We always find that toads and frogs start being active very early in these parts of West Devon. One year we saw fresh spawn in the woodland pond during Christmas week. This year has been a little later, but still quite early for the norm country wide.
Our woodland pond was established nearly six years ago. The original soft wood plantation was harvested, and subsequently replanted with locally grown mixed deciduous varieties of trees. There was one area in particular that had a lot of natural springs, and so we took the decision to create a wildlife pond. This pond has been a huge success, and is home to many species of wildlife, including amphibians.
As with all thriving natural environments, an abundance of any species will mean that there is a good food chain in action, and this is the case for our pond.

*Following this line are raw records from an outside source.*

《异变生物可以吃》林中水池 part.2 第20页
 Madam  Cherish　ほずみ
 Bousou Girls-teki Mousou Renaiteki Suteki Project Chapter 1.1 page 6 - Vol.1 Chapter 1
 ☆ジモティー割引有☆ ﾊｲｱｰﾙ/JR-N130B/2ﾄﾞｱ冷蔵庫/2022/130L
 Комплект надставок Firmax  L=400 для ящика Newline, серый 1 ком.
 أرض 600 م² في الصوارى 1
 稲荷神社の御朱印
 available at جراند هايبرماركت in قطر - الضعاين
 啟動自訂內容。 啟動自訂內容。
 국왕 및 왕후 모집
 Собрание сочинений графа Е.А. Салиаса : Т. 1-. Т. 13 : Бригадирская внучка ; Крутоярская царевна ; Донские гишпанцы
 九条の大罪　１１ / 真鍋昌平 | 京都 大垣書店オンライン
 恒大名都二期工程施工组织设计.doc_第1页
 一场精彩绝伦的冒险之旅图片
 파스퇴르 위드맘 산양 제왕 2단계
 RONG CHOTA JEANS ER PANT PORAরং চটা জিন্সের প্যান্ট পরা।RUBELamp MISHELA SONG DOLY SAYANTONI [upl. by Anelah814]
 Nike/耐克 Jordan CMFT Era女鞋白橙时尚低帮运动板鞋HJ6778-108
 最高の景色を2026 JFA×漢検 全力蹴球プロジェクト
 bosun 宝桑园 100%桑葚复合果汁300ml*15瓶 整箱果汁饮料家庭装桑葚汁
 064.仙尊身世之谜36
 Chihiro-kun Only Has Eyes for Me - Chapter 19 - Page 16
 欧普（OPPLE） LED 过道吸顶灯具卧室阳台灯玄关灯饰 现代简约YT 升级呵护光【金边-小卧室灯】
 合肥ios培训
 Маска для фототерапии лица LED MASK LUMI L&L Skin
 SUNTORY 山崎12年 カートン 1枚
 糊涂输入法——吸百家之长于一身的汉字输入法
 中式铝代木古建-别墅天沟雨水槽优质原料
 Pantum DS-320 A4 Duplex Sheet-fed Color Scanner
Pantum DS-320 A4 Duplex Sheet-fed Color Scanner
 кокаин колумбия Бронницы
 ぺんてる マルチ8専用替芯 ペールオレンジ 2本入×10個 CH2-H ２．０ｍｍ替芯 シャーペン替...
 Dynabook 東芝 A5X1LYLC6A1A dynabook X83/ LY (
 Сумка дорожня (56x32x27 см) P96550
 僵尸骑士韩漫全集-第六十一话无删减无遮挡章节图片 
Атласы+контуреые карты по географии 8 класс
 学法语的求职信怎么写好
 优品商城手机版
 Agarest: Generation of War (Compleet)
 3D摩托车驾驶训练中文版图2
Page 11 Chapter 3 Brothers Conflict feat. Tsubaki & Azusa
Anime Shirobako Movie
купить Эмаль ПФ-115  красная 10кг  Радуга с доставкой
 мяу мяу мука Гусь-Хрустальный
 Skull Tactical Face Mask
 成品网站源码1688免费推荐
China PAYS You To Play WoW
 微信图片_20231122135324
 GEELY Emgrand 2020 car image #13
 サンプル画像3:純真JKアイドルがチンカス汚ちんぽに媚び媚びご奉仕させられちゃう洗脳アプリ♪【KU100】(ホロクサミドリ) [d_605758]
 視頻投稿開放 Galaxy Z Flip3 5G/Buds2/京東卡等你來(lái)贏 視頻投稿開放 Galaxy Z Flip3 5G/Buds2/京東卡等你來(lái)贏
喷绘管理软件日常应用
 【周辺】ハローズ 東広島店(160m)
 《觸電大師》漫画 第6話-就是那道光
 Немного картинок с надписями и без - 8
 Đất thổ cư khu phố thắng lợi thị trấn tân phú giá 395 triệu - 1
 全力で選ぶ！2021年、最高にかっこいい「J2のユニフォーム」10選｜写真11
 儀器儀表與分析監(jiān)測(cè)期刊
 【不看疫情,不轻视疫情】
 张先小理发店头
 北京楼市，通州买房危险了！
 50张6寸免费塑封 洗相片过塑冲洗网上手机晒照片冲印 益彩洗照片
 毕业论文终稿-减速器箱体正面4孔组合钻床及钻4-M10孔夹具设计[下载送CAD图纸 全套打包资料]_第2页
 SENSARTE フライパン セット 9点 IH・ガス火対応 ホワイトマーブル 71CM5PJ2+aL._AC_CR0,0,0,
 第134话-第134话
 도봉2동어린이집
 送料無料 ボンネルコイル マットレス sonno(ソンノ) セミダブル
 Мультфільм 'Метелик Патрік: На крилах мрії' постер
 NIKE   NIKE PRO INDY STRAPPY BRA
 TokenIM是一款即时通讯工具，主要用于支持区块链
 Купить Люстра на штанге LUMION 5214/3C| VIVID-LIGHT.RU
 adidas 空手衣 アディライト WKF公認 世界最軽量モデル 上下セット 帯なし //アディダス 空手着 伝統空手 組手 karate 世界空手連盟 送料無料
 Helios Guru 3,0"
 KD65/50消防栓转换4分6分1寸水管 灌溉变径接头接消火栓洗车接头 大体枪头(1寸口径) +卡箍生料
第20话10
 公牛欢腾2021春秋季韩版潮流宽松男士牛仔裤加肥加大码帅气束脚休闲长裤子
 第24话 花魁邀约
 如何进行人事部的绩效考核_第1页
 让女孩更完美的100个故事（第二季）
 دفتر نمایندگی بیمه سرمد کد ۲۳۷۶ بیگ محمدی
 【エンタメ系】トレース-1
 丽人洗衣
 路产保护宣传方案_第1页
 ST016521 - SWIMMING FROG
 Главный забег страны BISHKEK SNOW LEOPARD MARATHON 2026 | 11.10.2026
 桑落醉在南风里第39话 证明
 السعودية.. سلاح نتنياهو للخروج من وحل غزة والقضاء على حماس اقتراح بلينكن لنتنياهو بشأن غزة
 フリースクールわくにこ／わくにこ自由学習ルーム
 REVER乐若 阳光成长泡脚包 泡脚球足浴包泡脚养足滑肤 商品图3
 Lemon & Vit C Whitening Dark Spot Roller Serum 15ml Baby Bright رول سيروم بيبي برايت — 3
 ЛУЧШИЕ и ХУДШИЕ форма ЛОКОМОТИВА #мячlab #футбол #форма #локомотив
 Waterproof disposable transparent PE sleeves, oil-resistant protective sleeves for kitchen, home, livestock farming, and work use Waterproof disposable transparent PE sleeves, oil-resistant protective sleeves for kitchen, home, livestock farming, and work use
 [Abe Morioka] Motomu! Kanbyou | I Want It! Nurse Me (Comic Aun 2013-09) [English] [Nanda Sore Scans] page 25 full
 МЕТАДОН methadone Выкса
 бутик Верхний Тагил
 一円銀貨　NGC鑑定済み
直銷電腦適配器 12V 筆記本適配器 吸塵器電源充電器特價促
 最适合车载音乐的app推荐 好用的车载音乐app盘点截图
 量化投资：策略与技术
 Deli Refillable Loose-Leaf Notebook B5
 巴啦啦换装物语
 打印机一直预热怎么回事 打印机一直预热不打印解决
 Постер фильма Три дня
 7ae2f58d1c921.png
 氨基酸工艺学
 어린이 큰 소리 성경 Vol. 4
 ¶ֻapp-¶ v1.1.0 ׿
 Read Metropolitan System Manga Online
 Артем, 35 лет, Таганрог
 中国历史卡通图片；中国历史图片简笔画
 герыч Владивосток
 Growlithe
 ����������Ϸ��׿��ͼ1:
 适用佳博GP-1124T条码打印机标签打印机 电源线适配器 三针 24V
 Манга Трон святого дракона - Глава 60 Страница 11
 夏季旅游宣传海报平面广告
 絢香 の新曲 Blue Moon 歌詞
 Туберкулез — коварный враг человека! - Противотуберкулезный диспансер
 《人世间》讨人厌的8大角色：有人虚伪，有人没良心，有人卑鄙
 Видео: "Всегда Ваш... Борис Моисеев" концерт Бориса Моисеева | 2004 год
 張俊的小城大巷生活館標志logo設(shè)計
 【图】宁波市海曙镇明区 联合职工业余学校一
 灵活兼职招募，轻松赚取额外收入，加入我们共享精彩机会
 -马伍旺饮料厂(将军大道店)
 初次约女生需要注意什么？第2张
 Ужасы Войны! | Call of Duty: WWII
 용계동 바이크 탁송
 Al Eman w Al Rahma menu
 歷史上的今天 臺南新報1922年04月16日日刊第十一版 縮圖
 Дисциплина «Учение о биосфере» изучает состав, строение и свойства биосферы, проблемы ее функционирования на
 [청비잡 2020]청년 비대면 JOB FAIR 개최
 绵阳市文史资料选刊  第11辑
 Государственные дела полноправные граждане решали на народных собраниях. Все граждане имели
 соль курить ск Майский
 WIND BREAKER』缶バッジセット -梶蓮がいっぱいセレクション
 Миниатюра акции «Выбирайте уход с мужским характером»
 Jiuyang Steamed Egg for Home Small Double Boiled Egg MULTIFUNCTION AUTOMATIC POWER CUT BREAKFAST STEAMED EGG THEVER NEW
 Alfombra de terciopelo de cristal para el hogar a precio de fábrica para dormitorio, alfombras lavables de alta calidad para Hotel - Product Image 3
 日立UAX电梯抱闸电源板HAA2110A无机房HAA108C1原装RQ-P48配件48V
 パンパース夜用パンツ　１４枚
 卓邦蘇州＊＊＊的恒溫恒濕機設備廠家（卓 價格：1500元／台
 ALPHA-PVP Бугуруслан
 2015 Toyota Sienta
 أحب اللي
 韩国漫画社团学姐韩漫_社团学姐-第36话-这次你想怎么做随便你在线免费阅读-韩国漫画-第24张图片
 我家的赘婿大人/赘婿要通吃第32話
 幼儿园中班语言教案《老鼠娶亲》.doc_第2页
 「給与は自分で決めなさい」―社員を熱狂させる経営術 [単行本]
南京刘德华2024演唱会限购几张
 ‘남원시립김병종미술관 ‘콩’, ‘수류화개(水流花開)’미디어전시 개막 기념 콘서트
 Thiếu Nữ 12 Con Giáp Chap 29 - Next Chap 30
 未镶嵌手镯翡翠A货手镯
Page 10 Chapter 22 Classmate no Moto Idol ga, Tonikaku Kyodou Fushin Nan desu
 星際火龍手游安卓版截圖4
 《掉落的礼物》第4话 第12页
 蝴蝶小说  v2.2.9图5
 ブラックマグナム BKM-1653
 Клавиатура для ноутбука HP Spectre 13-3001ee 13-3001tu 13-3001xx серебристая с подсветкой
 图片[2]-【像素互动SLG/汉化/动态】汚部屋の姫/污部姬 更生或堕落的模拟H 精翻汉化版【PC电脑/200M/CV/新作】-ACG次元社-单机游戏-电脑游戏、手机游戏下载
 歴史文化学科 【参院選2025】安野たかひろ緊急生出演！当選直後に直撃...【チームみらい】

A week or so ago, I was surprised to see a large quantity of spawn on top of a 7ft high tree trunk next to the pond. When felling the woodland, we kept a number of trunks that had evidence of wildlife inhabiting them, and this was one of them. I was confused as to how the spawn had got into such a position, especially as there was very little evidence of it having been fertilised. There was also a few splodges of spawn around the base of the trunk. It wasn't until a few mornings later that I realised how it must have got there.
On approaching the pond on my early morning walk with the dogs, we saw a large heron taking off from the ponds edge. I had read that when a female pregnant amphibian is under attack, it will shed its spawn, whether it has been fertilised or not. I strongly suspect that the heron caught the toad, and flew up onto the trunk, in order to consume its breakfast.
Since that morning I have seen the heron at the pond side regularly each morning, and yesterday morning I saw the first fertilised spawn this year in the pond.